The word "efficiency" is being used in different senses, obfuscating the discussion.

Market efficiency has to do with determining and balancing the production costs of things and people's subjective desires for things. It is often evaluated in terms of concepts like Pareto optimality.

Fuel efficiency has to do with the amount of fuel (in volume or density) relative to the amount of energy produced or lost.

Social efficiency (for lack of a better term) has to do with the theological notion of the common good. This is a vague notion of what is good for humanity, usually imposed by people who think they know the "true" interpretation on those not wise enough to discern it.

The first two are "value free," while the third is prescriptive. The first two assume some given system or set of constraints; market efficiency assumes a system of property conventions and actors, and fuel efficiency assumes the laws of physics and a set of fuel-consuming machines.

So in this discussion ... we are all correct, using our respective definitions. I used the market def, Doug used the fuel def, and Darrel used the social def.

My point was that, given any set of property conventions and individual preferences, that the market is the best way to determine the relative costs and desires of people. E.g. To the extent that the USEmpire interferes with the energy market by making gas artificially cheap through wars, price-fixing, or whatever, it undermines efficiency in terms of Pareto optimality and even in finding the actual cost of gas. (This latter because some of the cost is externalized to US taxpayers and dead/occupied foreigners.)

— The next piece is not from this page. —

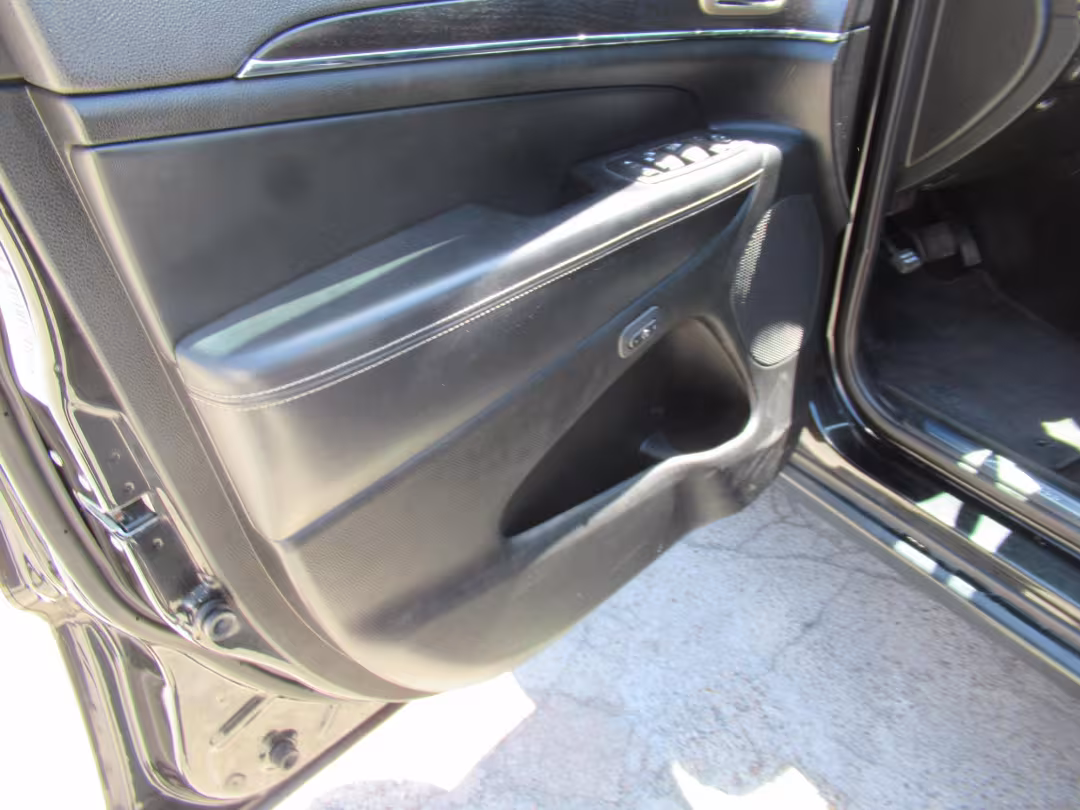 2015 Jeep Grand Cherokee - 1C4RJFBG7FC653854 - Image #6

Doug's question (Can you give an example of where that [efficiency] has happened in the past?) is trivial for economic efficiency: in all markets with little or no government intervention, to the extent that there is no intervention. But Doug is really making a point about fuel efficiency.

Meanwhle, Darrel is saying that market efficiency does not fit with his conception of the common good, and that many people are irrational wrt his conception of the common good.

Darrel and Barbara write of "market worship." I request a definition. On first blush, it sounds like a strawman of some sort. If you mean a belief that a free market always promotes the common good, it is definitely a strawman. Neither I, nor anyone I know, thinks that. Hell, I don't even think that "the common good" is a coherent concept. I'd call it an anticoncept.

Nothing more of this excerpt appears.